Salı, Şubat 26, 2013

Yaşasın Adalet - Mehmet Yılmaz

İSTANBUL 2. Asliye Ceza Mahkemesi basın davalarına bakıyor.


Elimde mahkemenin iki ayrı kararı var.

Kararlardan biri Yeni Şafak gazetesi aleyhine açılmış bir davayla ilgili. Gazete, 23 Mart 2012 tarihinde, Deniz Feneri davasının eski savcıları Nadi Türkaslan, Mehmet Tamöz ve Abdulvahap Yaren in beraatla sonuçlanan yargılanmalarıyla ilgili bir haber yayımlamış.

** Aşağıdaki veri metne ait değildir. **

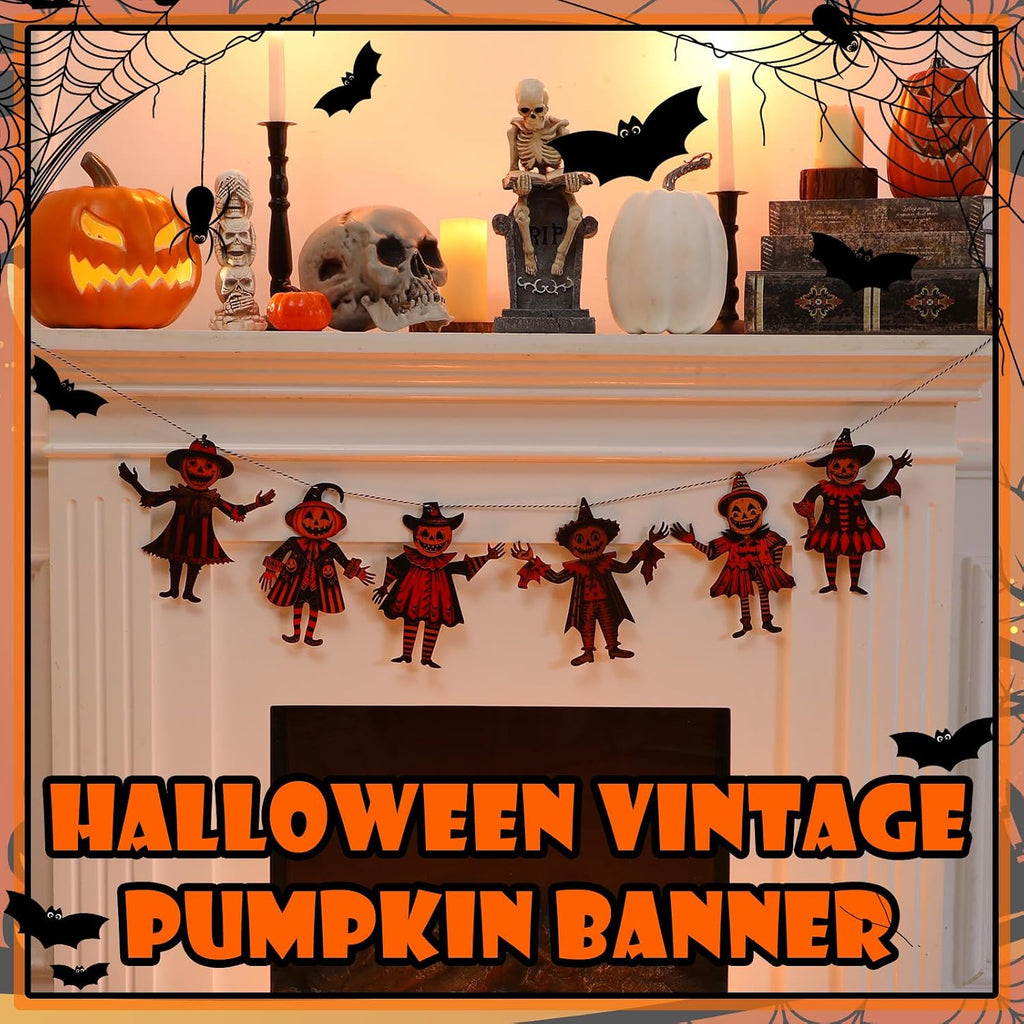Halloween Vintage bunting wooden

Haberin başlığı şöyle: "Tahrifatçı Savcılar Yargıtay'da." Savcılar da bunun üzerine "tahrifatçı" denilerek kendilerine yayın yoluyla hakaret edildiği iddiasıyla suç duyurusunda bulunmuş. İstanbul 2. Asliye Ceza Mahkemesi, haberi "basın özgürlüğü" kapsamında değerlendirerek, sorumlu yazıişleri müdürü ve haberi yazan muhabir hakkında beraat kararı vermiş.

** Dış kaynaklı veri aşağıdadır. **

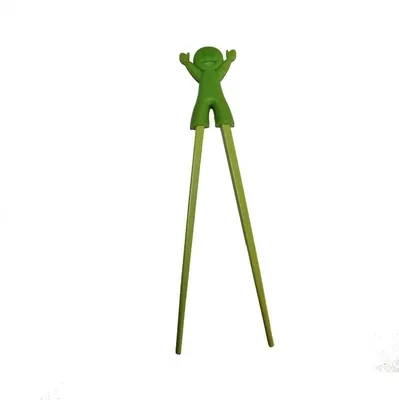 Produktbild von 071 Essstäbchen Chopsticks + 1 Clip Essstäbchenhelfer aus Gummi, Motiv Kind grün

Kararda şöyle deniliyor: "Kovuşturma evresinde kişilerin suçlu olarak damgalanmalarını sağlayacak şekilde yayın yapmak suçunun yasal unsurlarının oluşmadığı anlaşılmakla, beraat kararı vermek gerekmiştir." İkinci karar Aydınlık gazetesinde yayımlanan bir haberle ilgili.

Gazetenin 7 Mayıs 2012 tarihli sayısında, Deniz Feneri savcılarının yargılanma aşamasında, "HSYK'nın Tahrifat Yaptığının Belgesi", "Savcıların Savunma Hakkı Kısıtlandı", "İşte HSYK'nın Tahrifat Yaptığı O Belge" başlıklarıyla bir haber yayımlanmış.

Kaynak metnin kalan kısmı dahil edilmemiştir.